CVE-2025-34518 is a path traversal vulnerability classified under CWE-22 affecting Ilevia Srl.'s EVE X1 Server firmware versions up to 4.7.18.0.eden. The vulnerability resides in the get_file_content.php endpoint, which improperly restricts pathname inputs, allowing attackers to traverse directories and read arbitrary files on the server filesystem. Exploitation requires no authentication, user interaction, or privileges, and can be performed remotely over the network targeting port 8080, which is the default management interface port for the device. The vulnerability can lead to disclosure of sensitive files such as configuration files, credentials, or other critical data stored on the device, severely compromising confidentiality. Ilevia has declined to issue a patch or update to remediate this issue and instead recommends that customers do not expose the vulnerable port to the internet. No known exploits are currently reported in the wild, but the low complexity and high impact make exploitation feasible for attackers. The CVSS v4.0 base score of 8.7 reflects the high severity, driven by network attack vector, no required privileges or user interaction, and high confidentiality impact. This vulnerability is particularly concerning for organizations relying on EVE X1 Servers for critical infrastructure or sensitive operations, as unauthorized file access can lead to further compromise or data leakage.

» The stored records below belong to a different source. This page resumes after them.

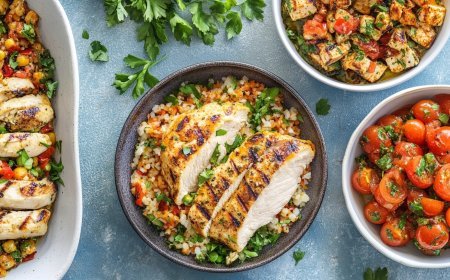 Healthy Meal Planning: A Week’s Worth of Delicious, Budget-Friendly Recipes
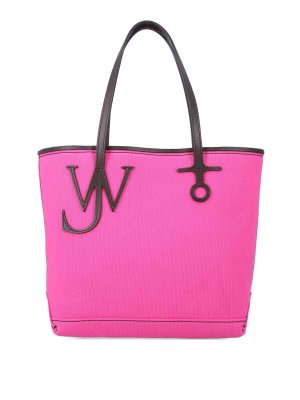 J.W. ANDERSON: Sacs à main - Sac Cabas - Multicolore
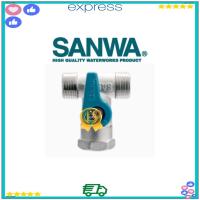 ราคา SANWA ซันวา MINI BALL VALVE มินิบอลวาล์ว 3 WAYS 3ทาง 1/2″ M.F.M. ผ.ม.ผ. 4หุน บอลวาล์วสามทาง วาล์วน้ำสามทาง สต๊อปวาล์ว (13946770729)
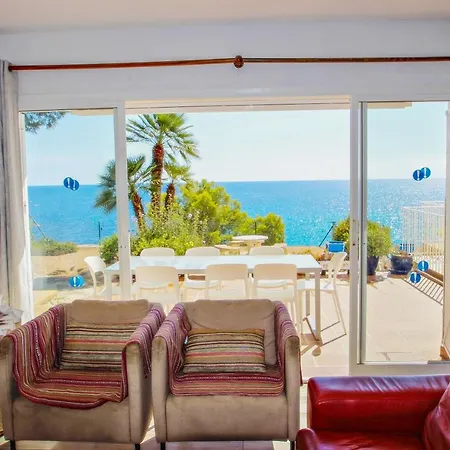 Celia - Oceanfront In Costa Blanca Villa Benissa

For European organizations, this vulnerability poses a significant risk to confidentiality and potentially to operational security. Unauthorized file access could expose sensitive configuration files, authentication credentials, or proprietary data, enabling attackers to escalate privileges or pivot within the network. Organizations in sectors such as industrial control, manufacturing, or critical infrastructure that utilize EVE X1 Servers may face operational disruptions or data breaches. The lack of vendor patch support increases the risk exposure, forcing organizations to rely on compensating controls. If exploited, attackers could gain insights into network architecture or security mechanisms, facilitating further attacks. The exposure of port 8080 to the internet amplifies the threat, especially for organizations with remote management enabled. This vulnerability could also undermine compliance with European data protection regulations if sensitive personal or business data is accessed or leaked.

Given the absence of an official patch, European organizations should implement strict network segmentation to isolate EVE X1 Servers from untrusted networks. Firewall rules must block inbound traffic to port 8080 from the internet and restrict access to trusted management networks only. Deploy intrusion detection or prevention systems to monitor and alert on suspicious requests targeting get_file_content.php or unusual file access patterns. Consider disabling or restricting the vulnerable management interface if feasible. Conduct regular audits of exposed services and firmware versions to identify vulnerable devices. Employ VPNs or secure tunnels for remote management to avoid direct exposure. Maintain up-to-date asset inventories to quickly identify affected devices. If possible, replace or upgrade devices to alternative solutions with active vendor support. Finally, educate IT staff about this vulnerability and the importance of minimizing exposure of management interfaces.